Since both writer and editor share a love and appreciation for great writing, a sort of common ground established when it comes to giving feedback. There is a mutual understanding that a certain amount of snark is not only permitted, but preferred.
This also happens to do wonders for efficiency.
Surely you would agree that This is lame is more actionable than I’d really love if you might try reworking this line. And for the well-oiled writer and editor duo, the pointed terseness is plenty for the writer to work with.
Make not lame.
The editors I’ve worked with would often highlight a sentence, or two, or twenty along with the annotation, Is all this really necessary?
Similarly, John Bennet was known to scratch a red line across whole pages, leaving only the note, “Bla bla bla,” my personal favorite Bennetism.
When I’d go back and read the highlighted lines, I’d realize, Wow, I guess this isn’t necessary.
Which makes you wonder.
What compels us in the first place to be so flowery? And why are we so confident in our floweriness? One day, a line might be the your greatest stroke of genius. The next, you might delete it without thinking twice.
Which, again, makes you wonder.
It’s fascinating the way writing lets us look back on our previous states of mind. When you’re super familiar with you’re writing, it’s almost as if you can tell which paragraphs were written when you were hungry, when you were tired, when you were excited. Most often, the lines are unaccountable. But the point is, what’s good at first is not always good later on. Your Tastemeter is constantly in flux. You have to watch out.
The idea, the hope, is to edit and re-edit and re-edit until you reach a place where there’s nothing more you want to change, no matter which day, or at what hour, or how many slices of salami you’ve had when you’re reading.
This can be done without the help of an editor, but an editor certainly speeds this process along, and as a byproduct, teaches the writer to think twice when writing your first draft.
But, again, if you’re like me a.k.a. without editor, who cares?
Shouldn’t this whole thing be marked bla bla bla?
Maybe.

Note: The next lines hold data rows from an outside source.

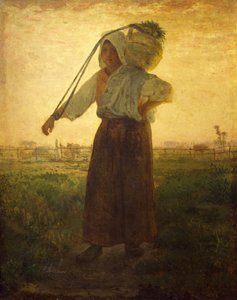 グレヴィルのノーマン ミルクメイド 作： Jean Francois Millet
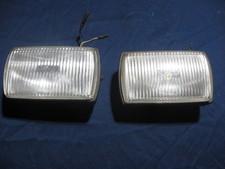 Vintage Piaa 40 Halogen Fog Lights H3 Clear Lens Ae86 Fog Lamp Tested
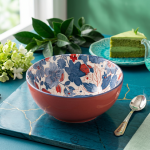Floral Pattern Ceramic Bowl MS Department Store Oman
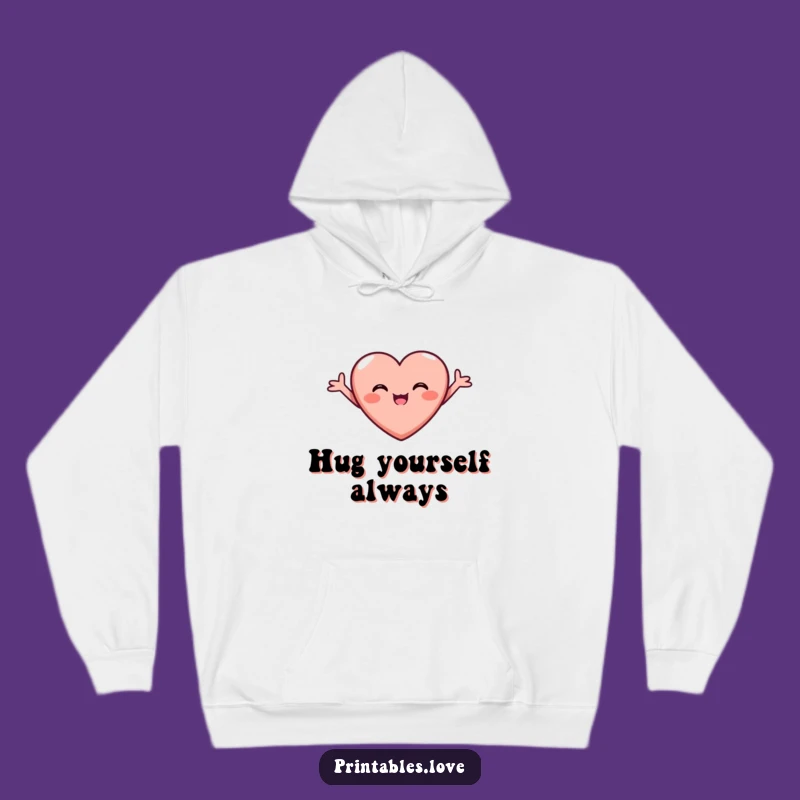Funny Joyful Heart Hoodie - Cozy Beaming Love Gift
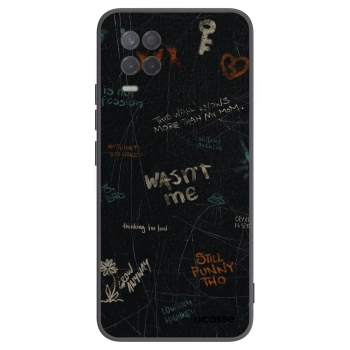 Picasee husă neagră din silicon pentru Realme 8 5G - CONFESSION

But maybe not.
Knowing what it’s like to work with an editor is valuable, I think, for two reasons.
It can help you become a better self-editor
It can help you know what to expect when working with an editor
Rule number one of working with editors? Don’t take feedback personally. Rule number two? Heed their advice.

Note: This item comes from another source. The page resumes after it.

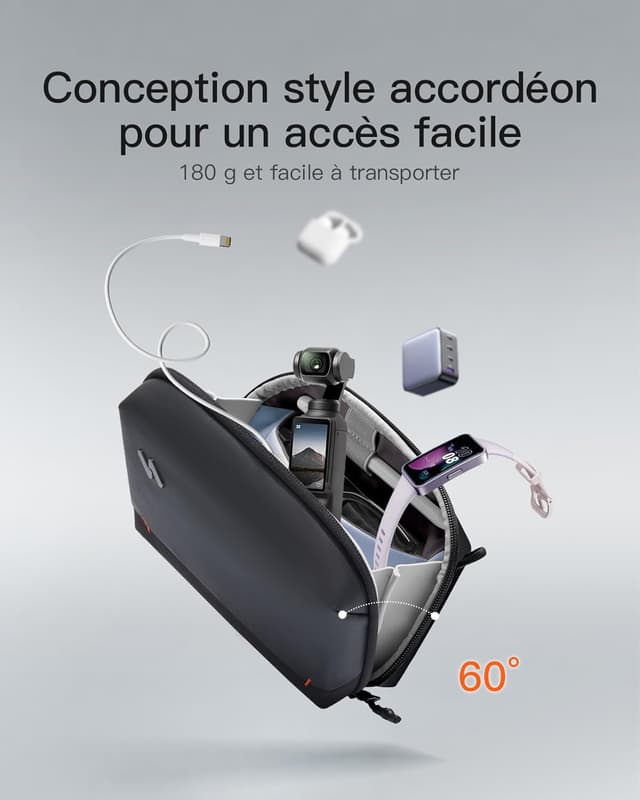 Thumbnail 3 de Inateck Pochette Organiseur 2 L pour accessoires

Sure, there are some hills you can nobly die on. But if you have a good editor, nine times out of ten, defer. These people know their stuff. They have a superpower you’ll never posses. What is it?
They are not you.
Their vision is clearer because they didn’t write the thing, and this is something rare and valuable and worth respecting.
For all those times you don’t have an editor a.k.a. pretty much always?

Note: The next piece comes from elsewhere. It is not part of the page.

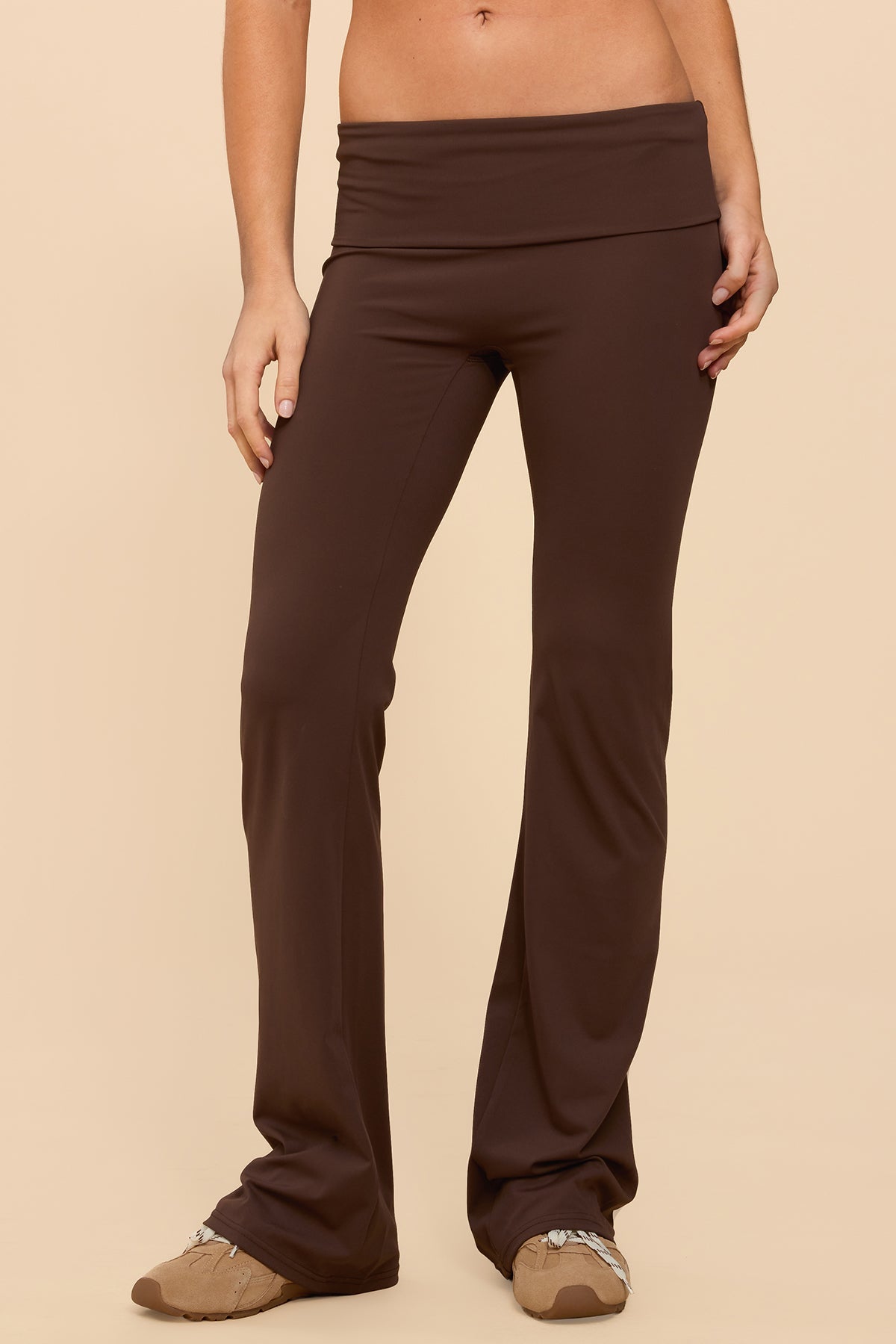 Oriane Foldover Flared Leggings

An essential skill in writing is learning to wear two hats—the writer hat and editor hat—but only one at a time.
Inevitably, you will end up wearing a stack of two hats like an idiot. I’m the biggest two-hat wearing idiot there is. But if you can avoid it, do that, because writing and editing at the same time turns quickly into a death spiral. How many times, for example, have you had a story in your head but never got past the first scene because you keep writing and rewriting? Welcome to double-hat syndrome.
Coming to a piece as only a writer, or as only an editor, is a skill the takes years to perfect. Having an editor solves this. But since that’s totally unrealistic—especially when it comes to fiction—the better we can get at separating these two identities, the better we will write.
At least, that’s the hope.
Editor or no editor, my plan is the same as it ever was. Keep writing the best I can, and keep reading.
When the hard work is done, I’m confident an editor will appear as the clock strikes twelve, helping me turn my handmade linen shoes into polished glass slippers. ♦
Weekly Three
HEAR: “La vie en rose” by Louis Armstrong
READ: John Bennet, Enemy of the “Blah, Blah, Blah” (New Yorker)
As an editor, I approve of this post. ;-)
This is hilarious, and oh so relatable. As someone who’s new to writing world, I’m definitely experiencing it. I find it difficult to edit my document and not to mention the fact that I feel every word written by me is master piece. Oh well! Getting there.
PS: I love your vibe, energy and writing style.